Here we define our Lambda function, of particular note is the permissions and policies we need to apply. The Lambda function includes the basic execution role, and x-ray write access, which are managed policies that I always include to ensure the function can log and trace correctly. We also include a statement that allows us to make the API calls that are required to perform a successful rotation. Finally, we need to provide a resource policy to allow the AWS Secrets Manager service to invoke our Lambda function when a rotation is needed.

The last piece of the puzzle is the rotation schedule.

  SigningKeyRotationSchedule:
    Type: AWS::SecretsManager::RotationSchedule
    Properties:
      RotationLambdaARN: !GetAtt SigningKeyRotationLambda.Arn
      RotationRules:
        AutomaticallyAfterDays: 1
      SecretId: !Ref SigningKey

The rotation schedule specifies with secret to rotate, with what Lambda function, on what schedule. Of note, one rotation function is capable of rotating various secrets. Secrets can be rotated between 1 and 1000 days.
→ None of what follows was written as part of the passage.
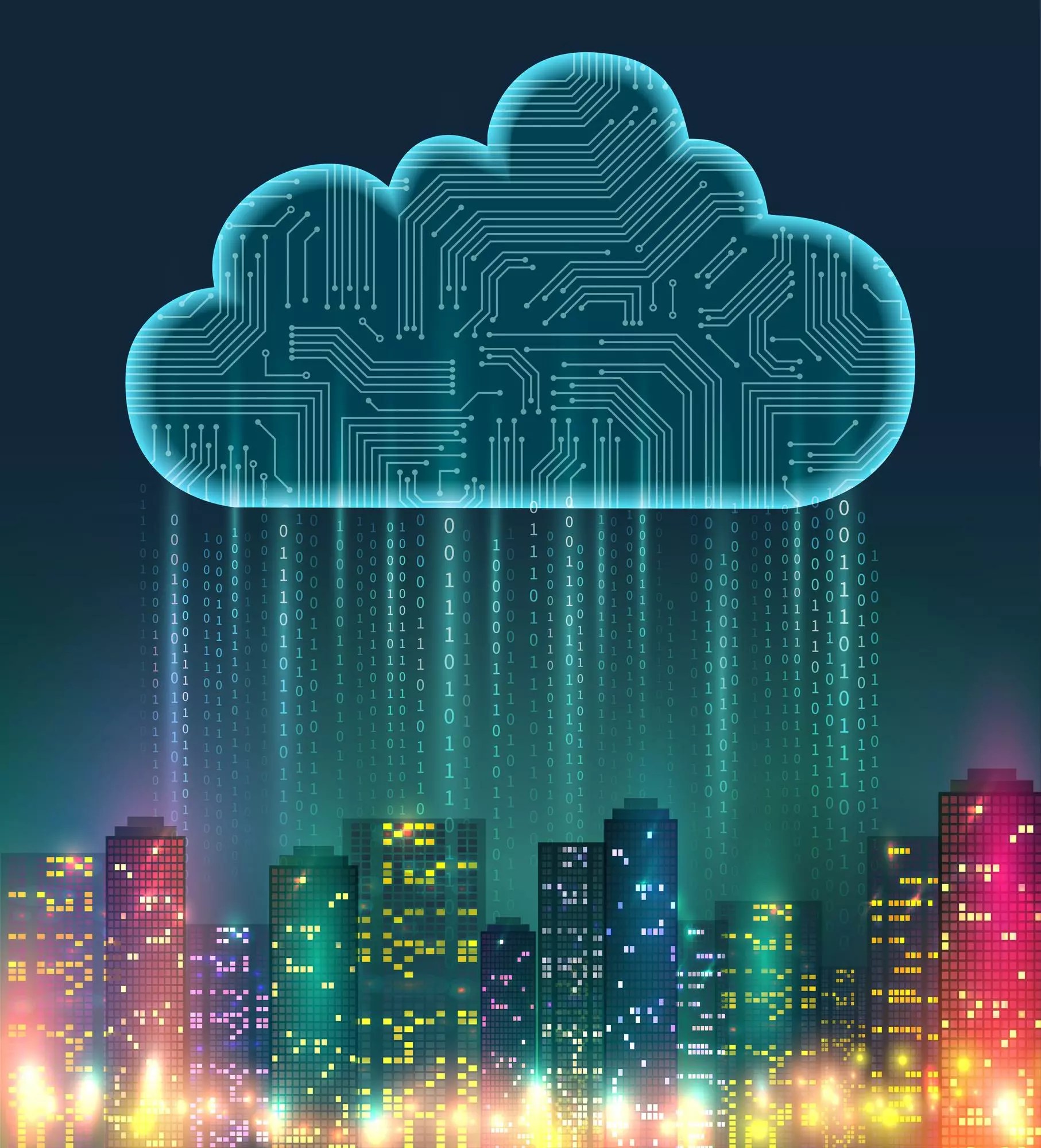 What is cloud computing An easypeasy introduction Internshala blog What is cloud computing An easypeasy introduction Internshala blog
Building a Rotation Function

Let's construct our own rotation function. I've essentially translated a python example available here into javascript. This wasn't a case of 'rewrite-in-rust' syndrome so much as it was going through motions to learn how everything works.
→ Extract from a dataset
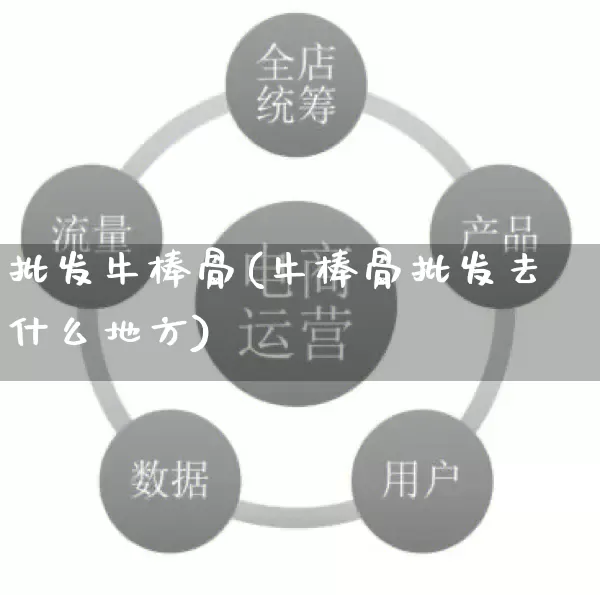 批发牛棒骨(牛棒骨批发去什么地方)_https://www.rzcpcj.com_抖音快手_第1张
Let's take a look at the entry point of our function.

const SecretsManager = require('aws-sdk/clients/secretsmanager');

module.exports.lambdaHandler = async (event) => {
    const {
        SecretId: arn,
        ClientRequestToken: token,
        Step: step
    } = event;

    const client = new SecretsManager();

    const metadata = await client.describeSecret({ SecretId: arn}).promise();
    if (!metadata.RotationEnabled){
        throw new Error(`Secret ${arn} is not enabled for rotation`);
    }

    const { VersionIdsToStages: versions } = metadata;
    if (!Object.keys(versions).includes(token)) {
        throw new Error(`Secret Version ${token} has no stage for rotation of secret ${arn}`)
    } else if (versions[token].includes('AWSCURRENT')) {
        return;
    } else if (!versions[token].includes('AWSPENDING')) {
        throw new Error(`Secret version ${token} not set as AWSPENDING for rotation of secret ${arn}.`)
    }

    switch(step) {
        case "createSecret":
            return await createSecret(client, arn, token);
        case "setSecret":
            return await setSecret(client, arn, token);
        case "testSecret":
            return await testSecret(client, arn, token);
        case "finishSecret":
            return await finishSecret(client, arn, token);
        default:
            throw new Error("Invalid step parameter")
    }
}

It all looks pretty standard.

  1. Import the service client and strip appropriate values out of the event payload.
  2. Pull back some data about the secret to ensure it exists and has rotation enabled.
  3. The next steps are to do with validating the secret is an appropriate state
    1. If the secret has no version matching the token on the input event, chances are this rotation function somehow got invoked on the wrong secret, or the version has been deprecated. Throw an error and exit, else carry on.
    2. If the invoking token is the current secret version, we don't need to do anything, so return early.
    3. If the invoking secret is not in a pending state, throw an error.
  4. After that bit of validation, we dispatch to a bunch of different handler functions.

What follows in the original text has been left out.